Problem description:
Nothing but the lines from the one containing "2021 Minnesota Team Preview: Sartell Sabres" through the one containing "Người Thương Thuyết Cõi Âm Chapter 3 - 43", both included, should be given again, each exactly as written below.
-.-.-
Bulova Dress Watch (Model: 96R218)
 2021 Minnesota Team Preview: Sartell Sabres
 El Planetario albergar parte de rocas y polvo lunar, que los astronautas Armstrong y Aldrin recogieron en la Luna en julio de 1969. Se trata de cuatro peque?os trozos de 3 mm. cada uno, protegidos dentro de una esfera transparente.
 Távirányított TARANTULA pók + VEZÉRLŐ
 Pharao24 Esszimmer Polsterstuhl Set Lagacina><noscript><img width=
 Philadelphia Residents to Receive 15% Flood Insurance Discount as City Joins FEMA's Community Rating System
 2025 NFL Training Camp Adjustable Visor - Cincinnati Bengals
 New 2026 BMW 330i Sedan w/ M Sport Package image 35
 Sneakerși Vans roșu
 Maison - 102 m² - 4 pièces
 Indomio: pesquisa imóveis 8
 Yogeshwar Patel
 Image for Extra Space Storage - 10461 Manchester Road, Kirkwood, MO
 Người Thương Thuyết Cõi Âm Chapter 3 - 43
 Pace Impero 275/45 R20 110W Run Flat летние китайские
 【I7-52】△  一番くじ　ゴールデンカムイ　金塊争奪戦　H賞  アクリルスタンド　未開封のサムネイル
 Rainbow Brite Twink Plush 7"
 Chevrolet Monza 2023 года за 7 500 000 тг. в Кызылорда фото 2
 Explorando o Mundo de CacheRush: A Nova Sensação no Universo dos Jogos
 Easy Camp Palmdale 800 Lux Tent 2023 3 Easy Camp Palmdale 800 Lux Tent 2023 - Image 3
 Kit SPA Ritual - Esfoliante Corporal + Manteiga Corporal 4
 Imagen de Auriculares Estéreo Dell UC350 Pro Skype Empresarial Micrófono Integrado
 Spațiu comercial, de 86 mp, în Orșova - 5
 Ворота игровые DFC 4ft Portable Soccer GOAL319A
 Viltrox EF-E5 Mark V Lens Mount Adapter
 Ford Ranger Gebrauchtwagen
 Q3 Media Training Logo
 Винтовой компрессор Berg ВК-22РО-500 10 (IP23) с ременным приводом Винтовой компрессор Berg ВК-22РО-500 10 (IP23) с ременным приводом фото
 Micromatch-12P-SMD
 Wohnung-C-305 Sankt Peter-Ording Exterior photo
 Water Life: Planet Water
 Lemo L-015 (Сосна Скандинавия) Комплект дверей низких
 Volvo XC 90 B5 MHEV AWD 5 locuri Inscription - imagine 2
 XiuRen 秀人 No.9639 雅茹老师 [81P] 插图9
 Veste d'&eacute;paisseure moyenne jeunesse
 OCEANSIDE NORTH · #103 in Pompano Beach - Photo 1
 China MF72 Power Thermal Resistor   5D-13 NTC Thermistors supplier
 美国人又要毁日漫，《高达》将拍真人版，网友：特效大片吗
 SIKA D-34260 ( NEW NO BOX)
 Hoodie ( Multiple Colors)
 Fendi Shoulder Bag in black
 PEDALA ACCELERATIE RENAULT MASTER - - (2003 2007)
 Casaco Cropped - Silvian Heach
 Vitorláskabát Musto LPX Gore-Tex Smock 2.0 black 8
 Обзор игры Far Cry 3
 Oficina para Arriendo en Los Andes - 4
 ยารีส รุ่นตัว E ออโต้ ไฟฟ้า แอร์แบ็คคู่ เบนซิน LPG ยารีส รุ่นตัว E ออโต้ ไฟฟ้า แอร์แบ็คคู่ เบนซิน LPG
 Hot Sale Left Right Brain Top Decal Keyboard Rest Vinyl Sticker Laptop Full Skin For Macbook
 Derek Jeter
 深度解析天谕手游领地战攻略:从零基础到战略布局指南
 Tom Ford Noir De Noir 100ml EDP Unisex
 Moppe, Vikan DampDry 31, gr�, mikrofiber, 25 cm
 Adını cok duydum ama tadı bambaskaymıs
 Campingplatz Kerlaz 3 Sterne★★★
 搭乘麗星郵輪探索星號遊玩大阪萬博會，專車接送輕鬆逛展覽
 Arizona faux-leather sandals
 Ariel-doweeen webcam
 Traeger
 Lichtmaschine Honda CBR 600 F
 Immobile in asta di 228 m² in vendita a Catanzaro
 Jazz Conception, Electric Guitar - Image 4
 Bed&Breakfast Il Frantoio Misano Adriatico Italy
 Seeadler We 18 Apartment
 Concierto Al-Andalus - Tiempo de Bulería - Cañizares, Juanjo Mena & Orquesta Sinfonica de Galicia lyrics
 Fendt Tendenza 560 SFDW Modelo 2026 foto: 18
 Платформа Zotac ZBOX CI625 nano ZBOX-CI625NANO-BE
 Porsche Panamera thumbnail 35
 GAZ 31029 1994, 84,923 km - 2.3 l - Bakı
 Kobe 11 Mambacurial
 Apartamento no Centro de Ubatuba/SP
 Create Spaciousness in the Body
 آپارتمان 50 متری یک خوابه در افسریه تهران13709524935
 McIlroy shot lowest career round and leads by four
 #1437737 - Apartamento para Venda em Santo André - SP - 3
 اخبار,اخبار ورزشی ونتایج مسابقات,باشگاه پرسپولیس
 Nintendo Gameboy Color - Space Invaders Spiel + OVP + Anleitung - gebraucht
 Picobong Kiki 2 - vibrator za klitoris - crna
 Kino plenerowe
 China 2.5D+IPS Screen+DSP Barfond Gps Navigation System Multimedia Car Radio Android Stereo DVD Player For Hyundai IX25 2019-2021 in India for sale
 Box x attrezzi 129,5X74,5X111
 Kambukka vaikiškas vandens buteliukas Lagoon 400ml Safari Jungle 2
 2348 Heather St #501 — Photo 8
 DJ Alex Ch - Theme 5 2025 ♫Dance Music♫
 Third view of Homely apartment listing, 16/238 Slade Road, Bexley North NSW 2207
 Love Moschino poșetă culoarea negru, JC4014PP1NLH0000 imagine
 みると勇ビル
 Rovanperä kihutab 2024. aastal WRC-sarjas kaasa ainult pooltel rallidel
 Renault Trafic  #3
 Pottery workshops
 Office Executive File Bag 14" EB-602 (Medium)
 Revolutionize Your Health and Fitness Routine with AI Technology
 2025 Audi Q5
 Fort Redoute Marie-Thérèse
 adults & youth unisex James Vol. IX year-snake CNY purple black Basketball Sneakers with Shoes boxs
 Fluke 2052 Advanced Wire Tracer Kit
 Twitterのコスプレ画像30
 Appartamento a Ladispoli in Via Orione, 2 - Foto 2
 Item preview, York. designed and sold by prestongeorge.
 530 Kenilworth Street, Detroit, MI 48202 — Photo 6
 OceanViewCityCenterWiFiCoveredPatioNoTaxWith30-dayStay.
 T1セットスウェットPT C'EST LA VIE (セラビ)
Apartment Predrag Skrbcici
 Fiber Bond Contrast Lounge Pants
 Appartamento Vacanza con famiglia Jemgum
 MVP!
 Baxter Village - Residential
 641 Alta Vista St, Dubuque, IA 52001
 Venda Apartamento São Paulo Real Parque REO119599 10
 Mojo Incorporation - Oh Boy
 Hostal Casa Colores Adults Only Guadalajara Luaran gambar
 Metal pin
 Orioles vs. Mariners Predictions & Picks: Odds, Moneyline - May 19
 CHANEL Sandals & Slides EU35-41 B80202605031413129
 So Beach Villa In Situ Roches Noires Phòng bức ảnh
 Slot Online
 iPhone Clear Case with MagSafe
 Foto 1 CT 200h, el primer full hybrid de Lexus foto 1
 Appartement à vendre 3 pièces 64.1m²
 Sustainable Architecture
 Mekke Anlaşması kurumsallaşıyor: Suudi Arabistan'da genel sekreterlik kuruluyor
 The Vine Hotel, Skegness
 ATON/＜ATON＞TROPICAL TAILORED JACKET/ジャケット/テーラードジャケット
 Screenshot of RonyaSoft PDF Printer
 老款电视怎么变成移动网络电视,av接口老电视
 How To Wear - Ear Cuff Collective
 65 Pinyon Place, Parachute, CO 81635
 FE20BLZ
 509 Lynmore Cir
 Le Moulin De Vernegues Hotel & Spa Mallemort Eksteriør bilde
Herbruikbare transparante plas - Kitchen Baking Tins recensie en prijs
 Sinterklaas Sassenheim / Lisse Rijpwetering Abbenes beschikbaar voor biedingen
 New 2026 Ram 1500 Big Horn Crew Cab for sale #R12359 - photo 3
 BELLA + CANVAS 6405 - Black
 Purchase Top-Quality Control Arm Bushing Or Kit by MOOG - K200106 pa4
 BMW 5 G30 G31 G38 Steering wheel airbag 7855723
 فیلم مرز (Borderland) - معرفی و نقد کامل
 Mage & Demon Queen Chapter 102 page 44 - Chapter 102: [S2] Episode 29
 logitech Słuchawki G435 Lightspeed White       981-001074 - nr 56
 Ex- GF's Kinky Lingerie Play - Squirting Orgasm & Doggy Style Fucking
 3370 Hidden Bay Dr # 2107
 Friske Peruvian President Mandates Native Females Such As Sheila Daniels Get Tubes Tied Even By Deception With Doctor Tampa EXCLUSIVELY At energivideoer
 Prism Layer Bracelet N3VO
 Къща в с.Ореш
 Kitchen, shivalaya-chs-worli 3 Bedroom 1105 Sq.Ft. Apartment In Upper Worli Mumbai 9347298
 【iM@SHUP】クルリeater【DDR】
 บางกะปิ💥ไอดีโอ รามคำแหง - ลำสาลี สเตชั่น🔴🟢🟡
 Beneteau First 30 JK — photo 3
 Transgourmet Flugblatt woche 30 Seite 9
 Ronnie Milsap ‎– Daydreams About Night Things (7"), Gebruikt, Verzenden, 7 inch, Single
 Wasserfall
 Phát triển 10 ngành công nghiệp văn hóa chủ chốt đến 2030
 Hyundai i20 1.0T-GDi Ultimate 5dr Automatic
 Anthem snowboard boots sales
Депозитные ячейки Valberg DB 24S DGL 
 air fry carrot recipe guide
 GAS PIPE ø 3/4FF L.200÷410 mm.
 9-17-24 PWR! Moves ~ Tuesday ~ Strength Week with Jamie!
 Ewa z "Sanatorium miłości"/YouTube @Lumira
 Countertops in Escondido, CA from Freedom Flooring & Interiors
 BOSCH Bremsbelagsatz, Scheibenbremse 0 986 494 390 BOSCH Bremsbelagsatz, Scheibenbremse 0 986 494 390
-.-.-
Exercise output:
 2021 Minnesota Team Preview: Sartell Sabres
 El Planetario albergar parte de rocas y polvo lunar, que los astronautas Armstrong y Aldrin recogieron en la Luna en julio de 1969. Se trata de cuatro peque?os trozos de 3 mm. cada uno, protegidos dentro de una esfera transparente.
 Távirányított TARANTULA pók + VEZÉRLŐ
 Pharao24 Esszimmer Polsterstuhl Set Lagacina><noscript><img width=
 Philadelphia Residents to Receive 15% Flood Insurance Discount as City Joins FEMA's Community Rating System
 2025 NFL Training Camp Adjustable Visor - Cincinnati Bengals
 New 2026 BMW 330i Sedan w/ M Sport Package image 35
 Sneakerși Vans roșu
 Maison - 102 m² - 4 pièces
 Indomio: pesquisa imóveis 8
 Yogeshwar Patel
 Image for Extra Space Storage - 10461 Manchester Road, Kirkwood, MO
 Người Thương Thuyết Cõi Âm Chapter 3 - 43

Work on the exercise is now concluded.